------ PROVIDED RECORDS ------

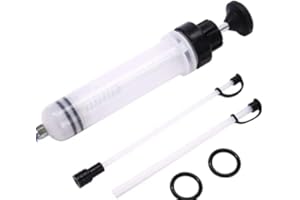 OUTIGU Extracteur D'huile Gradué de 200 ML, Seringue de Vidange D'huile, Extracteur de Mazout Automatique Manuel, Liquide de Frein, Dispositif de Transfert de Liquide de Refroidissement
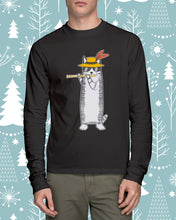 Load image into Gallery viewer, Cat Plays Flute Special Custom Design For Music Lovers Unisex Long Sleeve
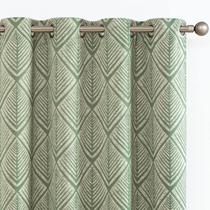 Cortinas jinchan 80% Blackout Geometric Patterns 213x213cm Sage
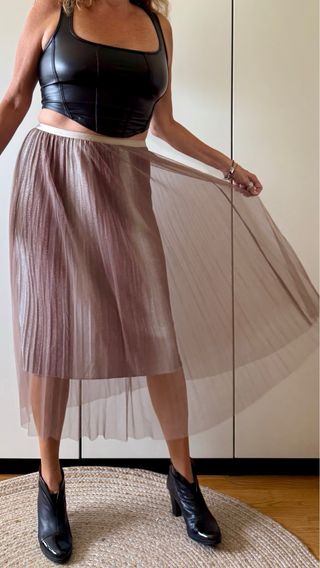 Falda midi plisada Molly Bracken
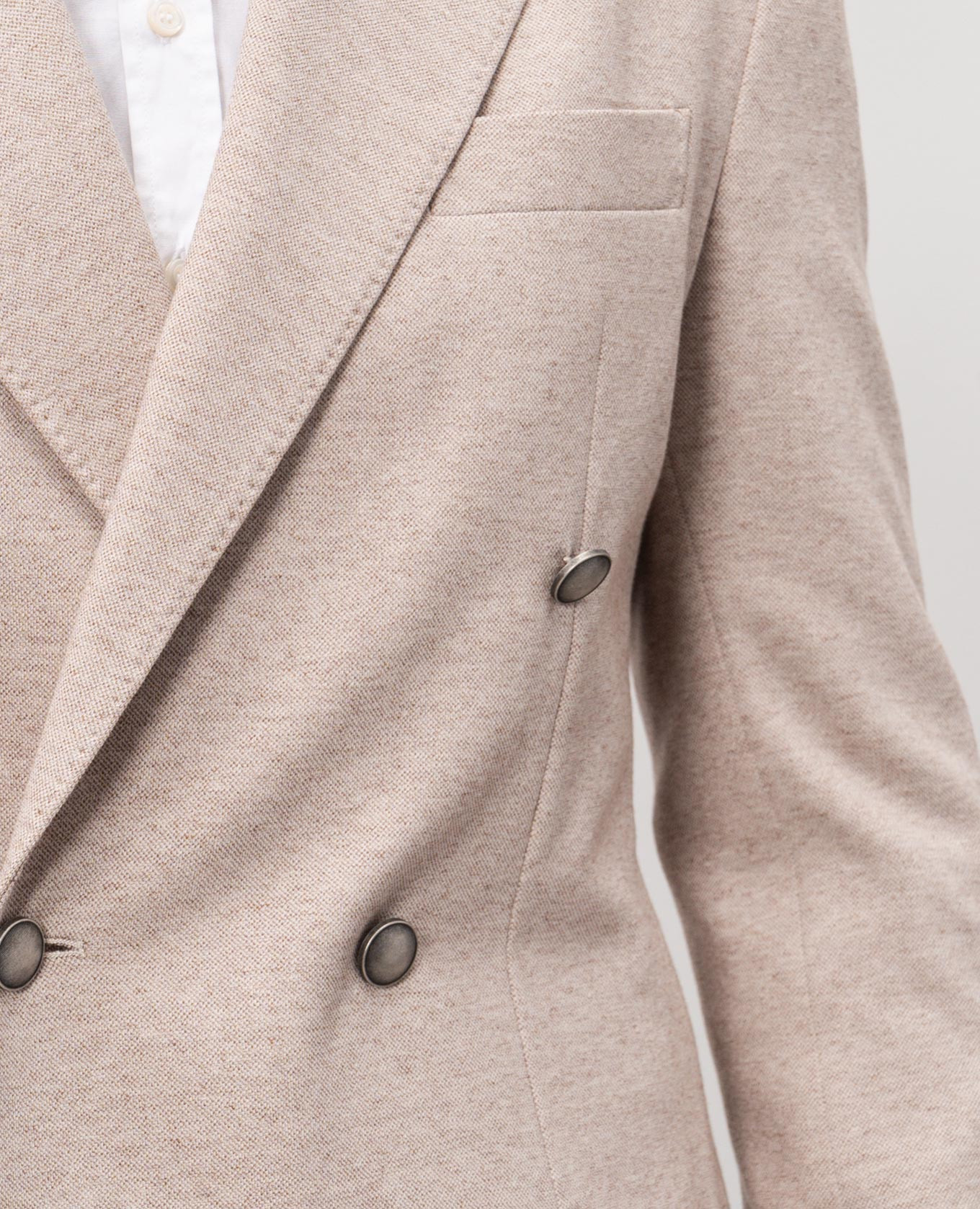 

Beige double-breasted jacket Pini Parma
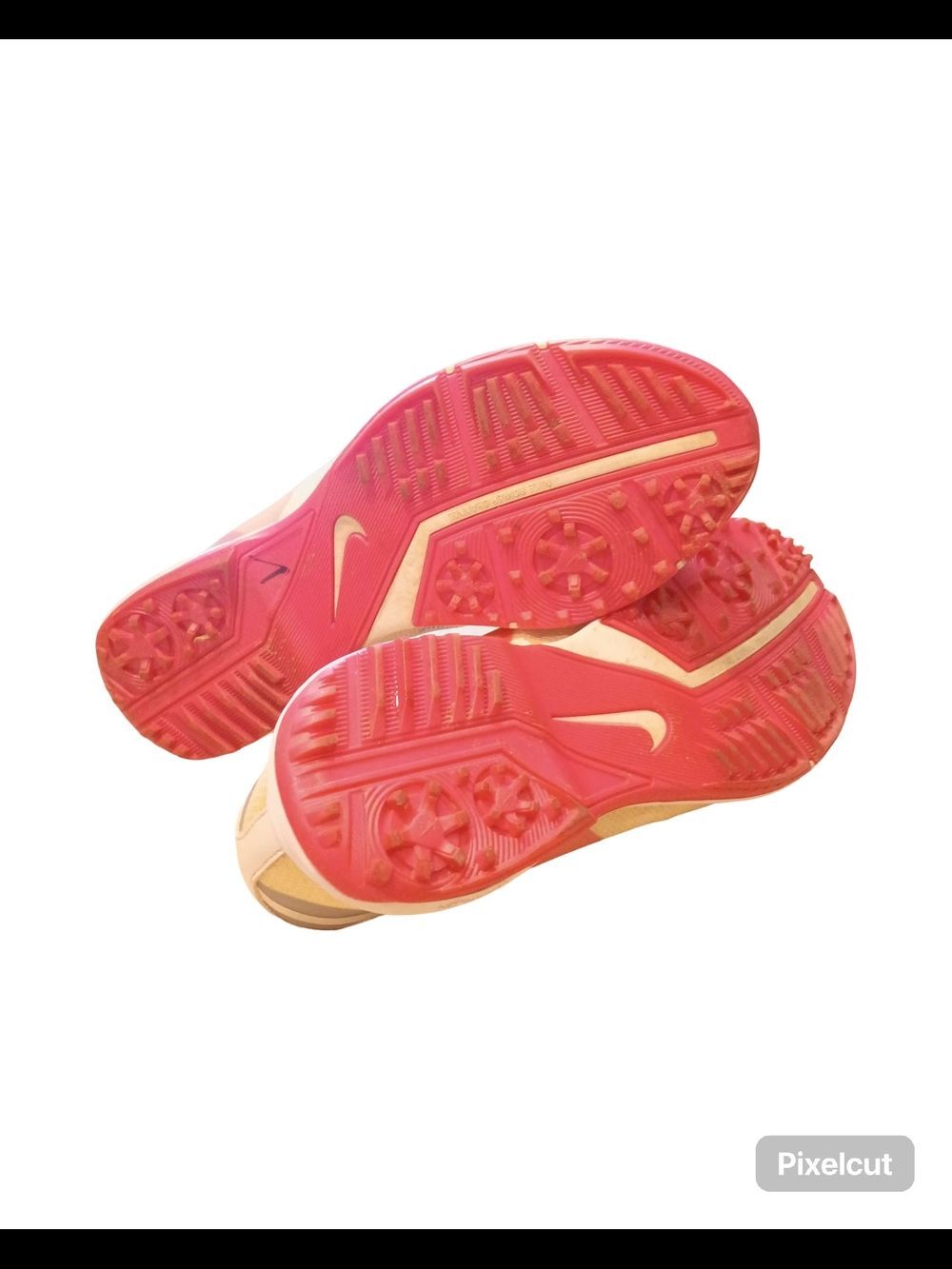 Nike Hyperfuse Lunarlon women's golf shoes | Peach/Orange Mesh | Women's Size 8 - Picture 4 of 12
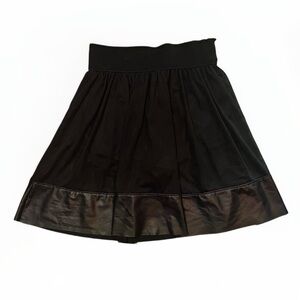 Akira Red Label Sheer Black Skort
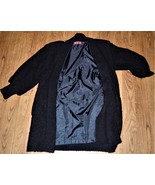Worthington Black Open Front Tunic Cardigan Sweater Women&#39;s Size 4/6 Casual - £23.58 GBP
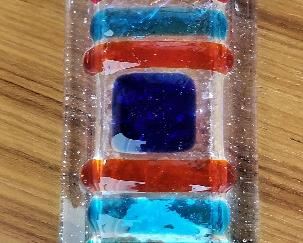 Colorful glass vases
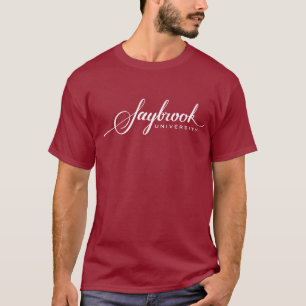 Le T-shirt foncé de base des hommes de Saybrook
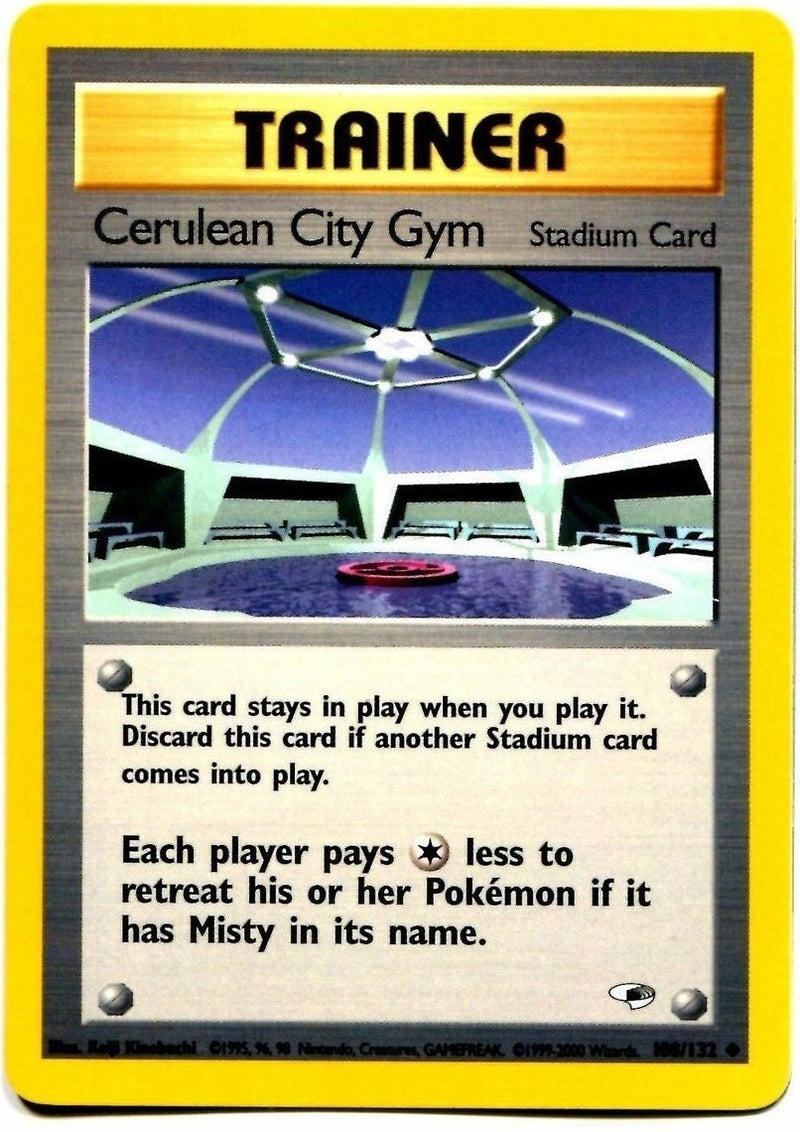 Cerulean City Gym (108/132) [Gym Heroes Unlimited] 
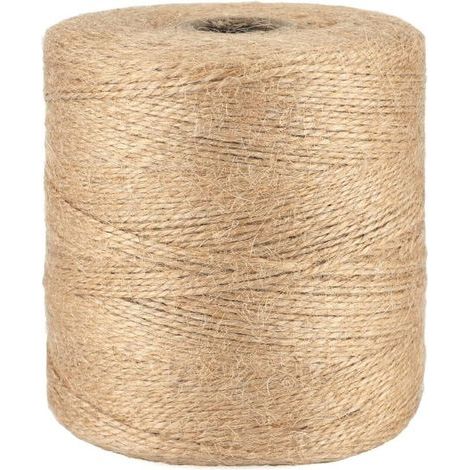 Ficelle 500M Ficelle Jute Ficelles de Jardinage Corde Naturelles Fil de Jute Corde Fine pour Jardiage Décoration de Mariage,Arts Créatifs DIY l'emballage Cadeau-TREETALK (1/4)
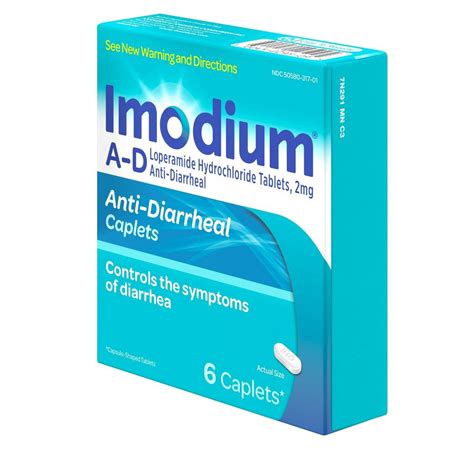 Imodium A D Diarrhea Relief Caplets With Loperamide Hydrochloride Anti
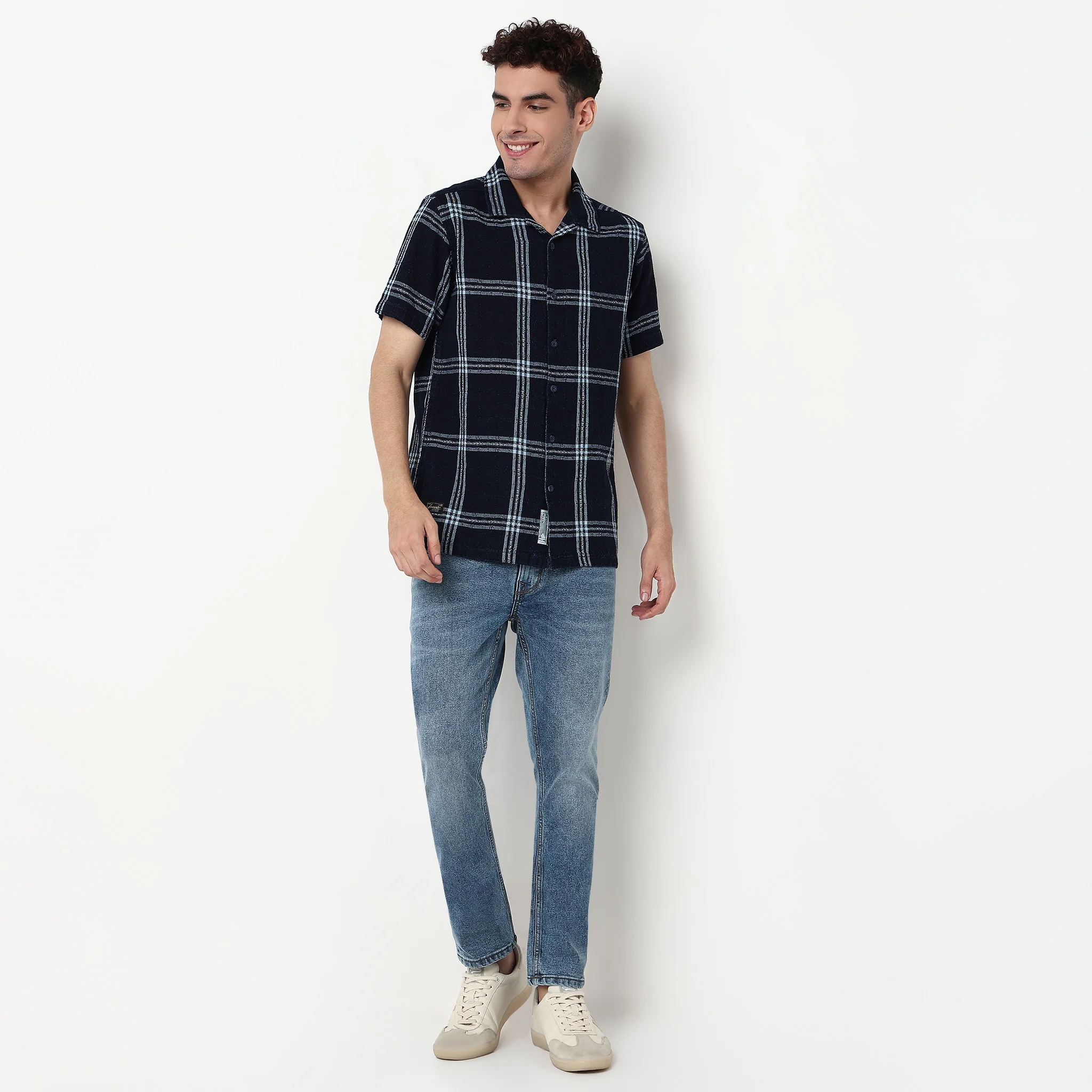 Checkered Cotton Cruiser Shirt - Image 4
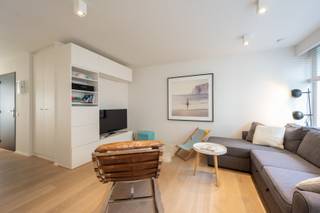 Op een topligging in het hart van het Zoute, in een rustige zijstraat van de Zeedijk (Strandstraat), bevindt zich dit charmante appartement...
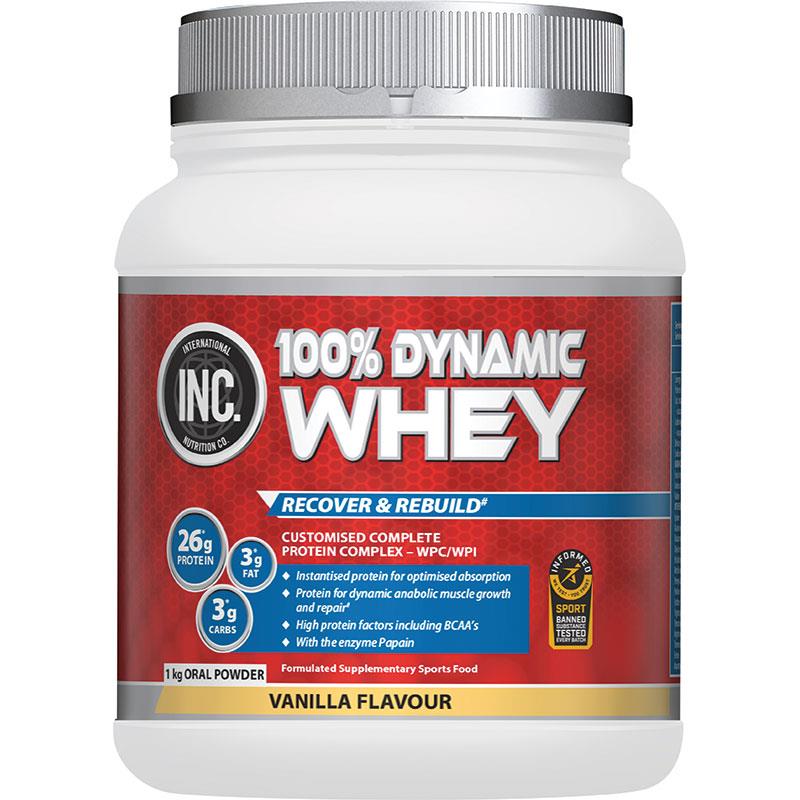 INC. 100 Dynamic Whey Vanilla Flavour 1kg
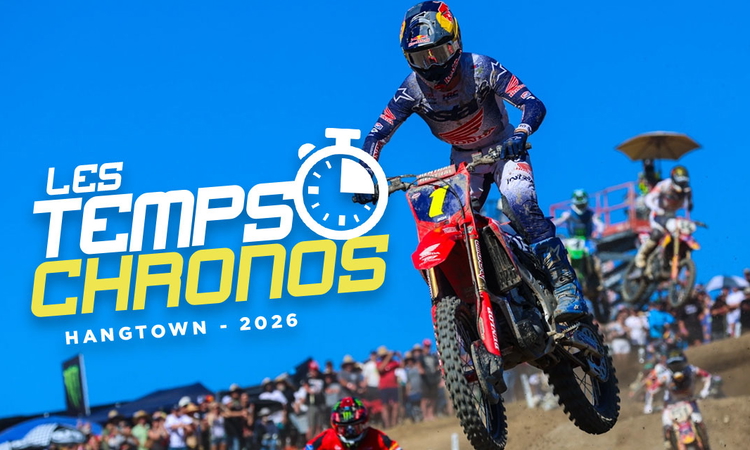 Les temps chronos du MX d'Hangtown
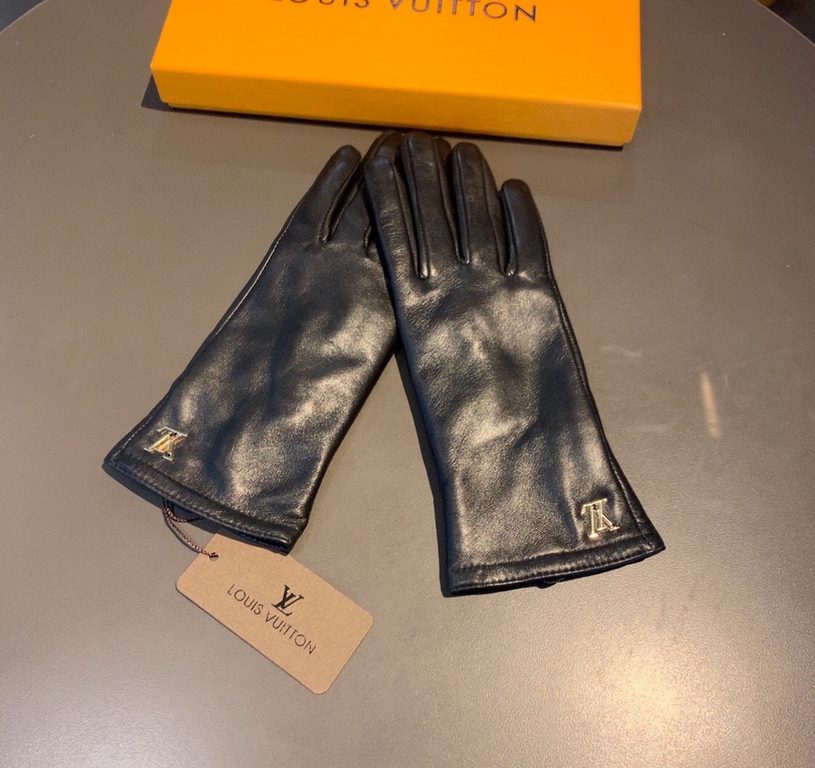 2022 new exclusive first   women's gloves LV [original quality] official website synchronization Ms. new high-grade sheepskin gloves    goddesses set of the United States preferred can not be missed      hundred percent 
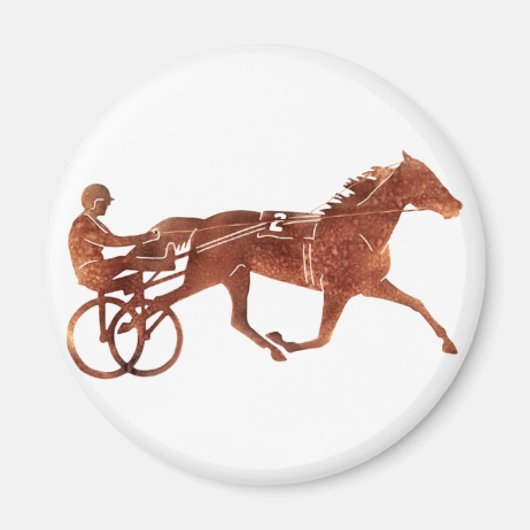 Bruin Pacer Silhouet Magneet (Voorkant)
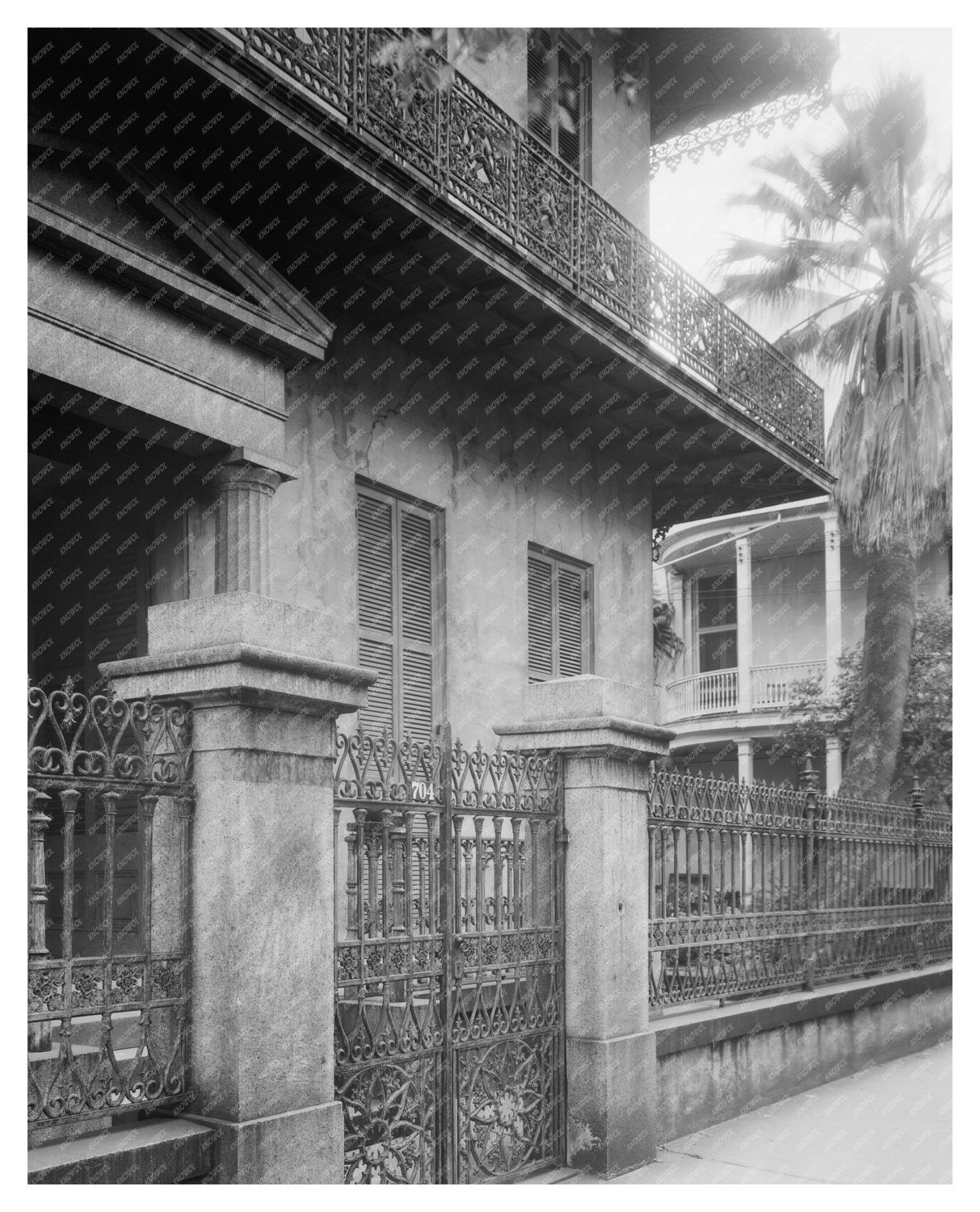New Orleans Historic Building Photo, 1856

------

TASK OBJECTIVE: Output exactly the lines from the first line of the records through the line containing "Falda midi plisada Molly Bracken". Leave out every picture.

SOLUTION TO THIS EXERCISE:
 OUTIGU Extracteur D'huile Gradué de 200 ML, Seringue de Vidange D'huile, Extracteur de Mazout Automatique Manuel, Liquide de Frein, Dispositif de Transfert de Liquide de Refroidissement
 Load image into Gallery viewer, Cat Plays Flute Special Custom Design For Music Lovers Unisex Long Sleeve
 Cortinas jinchan 80% Blackout Geometric Patterns 213x213cm Sage
 Falda midi plisada Molly Bracken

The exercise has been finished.